→ THE PROBLEM:
Below are several records. Retype exactly those lines running from the one with "1818S 33X16X10cm GY 9" through the one with "Купить землю, земельный", end lines included, and no others.

-*-*-

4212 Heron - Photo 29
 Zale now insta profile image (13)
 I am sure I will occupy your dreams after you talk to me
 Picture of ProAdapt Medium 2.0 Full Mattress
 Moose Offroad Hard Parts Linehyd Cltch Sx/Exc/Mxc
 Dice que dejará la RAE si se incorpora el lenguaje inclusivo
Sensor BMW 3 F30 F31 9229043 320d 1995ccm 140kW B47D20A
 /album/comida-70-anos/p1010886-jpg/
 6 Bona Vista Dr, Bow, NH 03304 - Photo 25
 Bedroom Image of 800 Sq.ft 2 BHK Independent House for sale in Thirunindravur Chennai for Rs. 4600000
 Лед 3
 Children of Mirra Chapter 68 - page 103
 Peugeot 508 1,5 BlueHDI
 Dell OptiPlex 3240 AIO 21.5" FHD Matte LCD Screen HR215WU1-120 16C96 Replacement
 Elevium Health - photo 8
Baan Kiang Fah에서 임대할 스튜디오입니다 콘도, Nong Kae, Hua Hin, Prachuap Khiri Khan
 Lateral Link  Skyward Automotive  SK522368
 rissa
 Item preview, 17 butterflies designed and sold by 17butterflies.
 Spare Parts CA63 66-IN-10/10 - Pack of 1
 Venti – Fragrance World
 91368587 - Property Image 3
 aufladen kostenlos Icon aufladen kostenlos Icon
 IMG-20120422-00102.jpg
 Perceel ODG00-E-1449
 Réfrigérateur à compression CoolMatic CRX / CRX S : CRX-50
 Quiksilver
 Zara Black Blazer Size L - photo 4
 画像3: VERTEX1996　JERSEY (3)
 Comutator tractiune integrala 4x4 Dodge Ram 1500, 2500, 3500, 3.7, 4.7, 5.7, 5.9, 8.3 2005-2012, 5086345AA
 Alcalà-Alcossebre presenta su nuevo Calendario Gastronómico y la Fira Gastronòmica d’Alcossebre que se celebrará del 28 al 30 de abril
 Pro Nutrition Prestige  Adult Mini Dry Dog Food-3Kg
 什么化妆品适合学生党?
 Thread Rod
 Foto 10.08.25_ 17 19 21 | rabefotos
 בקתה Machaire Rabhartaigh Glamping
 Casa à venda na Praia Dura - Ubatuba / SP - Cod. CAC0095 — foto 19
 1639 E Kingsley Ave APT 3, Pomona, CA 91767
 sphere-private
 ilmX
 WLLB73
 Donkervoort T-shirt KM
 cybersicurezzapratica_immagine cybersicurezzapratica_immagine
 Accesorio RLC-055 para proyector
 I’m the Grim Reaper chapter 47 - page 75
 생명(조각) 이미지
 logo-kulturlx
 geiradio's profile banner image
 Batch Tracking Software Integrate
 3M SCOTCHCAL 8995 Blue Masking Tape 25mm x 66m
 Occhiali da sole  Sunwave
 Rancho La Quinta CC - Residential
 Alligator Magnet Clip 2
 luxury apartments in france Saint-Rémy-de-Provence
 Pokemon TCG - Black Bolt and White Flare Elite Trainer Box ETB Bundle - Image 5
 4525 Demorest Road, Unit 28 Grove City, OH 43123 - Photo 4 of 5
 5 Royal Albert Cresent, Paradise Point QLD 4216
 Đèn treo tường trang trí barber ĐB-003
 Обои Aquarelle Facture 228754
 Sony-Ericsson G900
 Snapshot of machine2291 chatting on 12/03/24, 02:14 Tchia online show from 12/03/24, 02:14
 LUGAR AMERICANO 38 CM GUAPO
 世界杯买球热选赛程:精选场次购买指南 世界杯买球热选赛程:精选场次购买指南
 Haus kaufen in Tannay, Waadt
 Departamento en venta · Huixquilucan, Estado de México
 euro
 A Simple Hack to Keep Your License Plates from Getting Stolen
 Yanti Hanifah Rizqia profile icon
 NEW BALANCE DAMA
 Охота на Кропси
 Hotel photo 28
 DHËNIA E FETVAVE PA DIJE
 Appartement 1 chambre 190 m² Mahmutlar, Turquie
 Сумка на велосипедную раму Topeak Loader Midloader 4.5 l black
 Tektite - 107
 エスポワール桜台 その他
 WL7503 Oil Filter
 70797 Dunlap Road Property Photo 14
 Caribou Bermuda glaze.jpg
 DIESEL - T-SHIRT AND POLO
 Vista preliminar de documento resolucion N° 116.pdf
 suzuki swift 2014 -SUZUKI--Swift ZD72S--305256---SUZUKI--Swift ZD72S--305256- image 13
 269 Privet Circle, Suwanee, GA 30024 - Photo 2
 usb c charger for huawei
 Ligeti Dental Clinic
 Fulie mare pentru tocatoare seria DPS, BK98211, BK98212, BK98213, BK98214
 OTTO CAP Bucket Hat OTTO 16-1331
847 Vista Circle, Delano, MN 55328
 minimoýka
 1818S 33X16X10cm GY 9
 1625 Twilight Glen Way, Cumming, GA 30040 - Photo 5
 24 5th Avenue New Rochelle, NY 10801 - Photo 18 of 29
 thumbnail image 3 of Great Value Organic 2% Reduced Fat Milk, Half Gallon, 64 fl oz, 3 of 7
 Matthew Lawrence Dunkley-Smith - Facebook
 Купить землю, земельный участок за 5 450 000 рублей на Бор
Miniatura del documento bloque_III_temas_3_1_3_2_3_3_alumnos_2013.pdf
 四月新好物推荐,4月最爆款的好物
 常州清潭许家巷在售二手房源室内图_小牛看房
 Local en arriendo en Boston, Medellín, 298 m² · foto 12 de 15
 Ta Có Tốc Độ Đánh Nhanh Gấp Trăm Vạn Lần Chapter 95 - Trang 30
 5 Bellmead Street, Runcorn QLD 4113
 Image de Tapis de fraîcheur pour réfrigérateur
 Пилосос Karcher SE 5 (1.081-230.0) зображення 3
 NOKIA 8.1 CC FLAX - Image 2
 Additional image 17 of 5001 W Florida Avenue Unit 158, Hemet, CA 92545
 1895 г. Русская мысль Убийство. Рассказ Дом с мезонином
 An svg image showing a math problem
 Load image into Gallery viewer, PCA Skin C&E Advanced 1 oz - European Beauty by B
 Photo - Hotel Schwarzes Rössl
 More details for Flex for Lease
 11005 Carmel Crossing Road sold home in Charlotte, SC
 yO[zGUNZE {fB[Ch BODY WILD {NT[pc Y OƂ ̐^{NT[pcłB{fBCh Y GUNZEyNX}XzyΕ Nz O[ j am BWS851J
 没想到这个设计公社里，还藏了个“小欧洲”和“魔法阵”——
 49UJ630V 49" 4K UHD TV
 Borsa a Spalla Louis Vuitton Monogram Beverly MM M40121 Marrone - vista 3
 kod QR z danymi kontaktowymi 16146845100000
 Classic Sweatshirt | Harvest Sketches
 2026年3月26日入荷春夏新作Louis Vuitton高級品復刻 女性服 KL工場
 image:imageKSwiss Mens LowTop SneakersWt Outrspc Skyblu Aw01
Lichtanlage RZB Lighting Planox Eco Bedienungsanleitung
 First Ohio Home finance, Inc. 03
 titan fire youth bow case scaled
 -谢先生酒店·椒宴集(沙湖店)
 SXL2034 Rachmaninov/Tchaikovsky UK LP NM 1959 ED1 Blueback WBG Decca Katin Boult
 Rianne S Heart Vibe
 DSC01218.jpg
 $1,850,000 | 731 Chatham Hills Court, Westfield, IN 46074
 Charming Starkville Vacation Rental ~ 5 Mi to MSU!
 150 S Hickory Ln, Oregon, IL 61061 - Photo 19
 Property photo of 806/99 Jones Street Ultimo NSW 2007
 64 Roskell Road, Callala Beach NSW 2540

-*-*-

→ YOUR SOLUTION:
 1818S 33X16X10cm GY 9
 1625 Twilight Glen Way, Cumming, GA 30040 - Photo 5
 24 5th Avenue New Rochelle, NY 10801 - Photo 18 of 29
 thumbnail image 3 of Great Value Organic 2% Reduced Fat Milk, Half Gallon, 64 fl oz, 3 of 7
 Matthew Lawrence Dunkley-Smith - Facebook
 Купить землю, земельный участок за 5 450 000 рублей на Бор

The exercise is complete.